The largest U.S. public pension plan is getting out of hedge
funds as part of an effort to simplify its assets and reduce
costs.
The California Public Employees' Retirement System said Monday
it would shed its entire $4 billion investment in hedge funds over
the next year.
The pension plan, known by its abbreviation Calpers, which
manages investments and benefits for 1.6 million current and
retired police officers, firefighters and other public employees,
is a bellwether for investment trends at other public plans. Any
shift it makes will likely influence others because of its size and
history as an early adopter of alternatives to stocks and
bonds.
Many public pension plans have been discussing how much risk to
take in their portfolios as they face billions in unfunded
obligations to workers.
"Hedge funds are certainly a viable strategy for some," said Ted
Eliopoulos, interim chief investment officer at Calpers, in a
statement. For Calpers, the program "doesn't merit a continued
role" because of how complex and costly the funds can be, he
said.
The exodus from hedge funds at Calpers follows a review of the
portfolio that began in March, following the death of former chief
investment officer Joseph Dear. Calpers officials began raising
questions about whether hedge funds are too complicated or can
effectively balance out poor-performing equities during a market
crash, said people familiar with the situation.
Mr. Eliopoulos and his staff ultimately made the decision to
pull out from a total of 24 hedge funds and six "funds of funds"
that invest in a collection of hedge funds.
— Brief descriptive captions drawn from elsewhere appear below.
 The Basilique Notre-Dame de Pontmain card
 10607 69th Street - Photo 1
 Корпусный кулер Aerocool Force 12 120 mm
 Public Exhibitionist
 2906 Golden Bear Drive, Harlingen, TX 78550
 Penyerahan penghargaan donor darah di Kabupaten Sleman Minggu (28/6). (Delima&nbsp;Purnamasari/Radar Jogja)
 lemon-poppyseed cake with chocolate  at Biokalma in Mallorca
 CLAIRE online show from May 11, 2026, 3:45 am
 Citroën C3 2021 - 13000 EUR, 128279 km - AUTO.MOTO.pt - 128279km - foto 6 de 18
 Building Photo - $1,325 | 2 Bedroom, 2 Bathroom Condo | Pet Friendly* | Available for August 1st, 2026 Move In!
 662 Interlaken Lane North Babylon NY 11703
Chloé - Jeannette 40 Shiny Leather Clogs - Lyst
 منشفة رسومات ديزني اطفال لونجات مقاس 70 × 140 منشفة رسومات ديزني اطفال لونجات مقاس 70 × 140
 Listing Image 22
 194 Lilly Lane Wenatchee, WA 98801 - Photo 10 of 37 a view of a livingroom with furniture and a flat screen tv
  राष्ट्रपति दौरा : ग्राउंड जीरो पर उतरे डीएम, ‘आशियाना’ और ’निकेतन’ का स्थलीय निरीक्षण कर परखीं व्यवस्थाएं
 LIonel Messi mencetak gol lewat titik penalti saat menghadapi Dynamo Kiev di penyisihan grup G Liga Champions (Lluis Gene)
The move was presented
to Calpers' investment committee on Monday. The committee supported
the recommendation. Existing staff who oversee the hedge-fund
investments will be reassigned, Calpers said Monday.
The Wall Street Journal reported last month that Calpers was
considering whether to retreat broadly from riskier assets,
including hedge funds. Bloomberg News earlier Monday reported
Calpers' decision to exit hedge funds.
Other pensions are also debating whether to avoid hedge funds
altogether. Last week, the San Francisco City & County
Employees Retirement System delayed for another 90 days a decision
on whether to allocate 15% of its money to hedge funds. It is the
second such delay this year.
The reconsideration of hedge funds as an investment option
hasn't yet produced shifts inside all funds. Some public pensions
say they are holding firm on their commitments or increasing their
allocations as they worry about how stocks will perform in a future
downturn. About half of the U.S. public pensions still have some
sort of hedge fund investment, according to data tracker
Preqin.
But hedge-fund allocations began dropping in the years following
a 2011 peak, according to data compiled by the Wilshire Trust
Universe Comparison Service, while the average amount committed to
private equity, by comparison, is still climbing. Stocks and bonds
are still the dominant investments for all public pensions.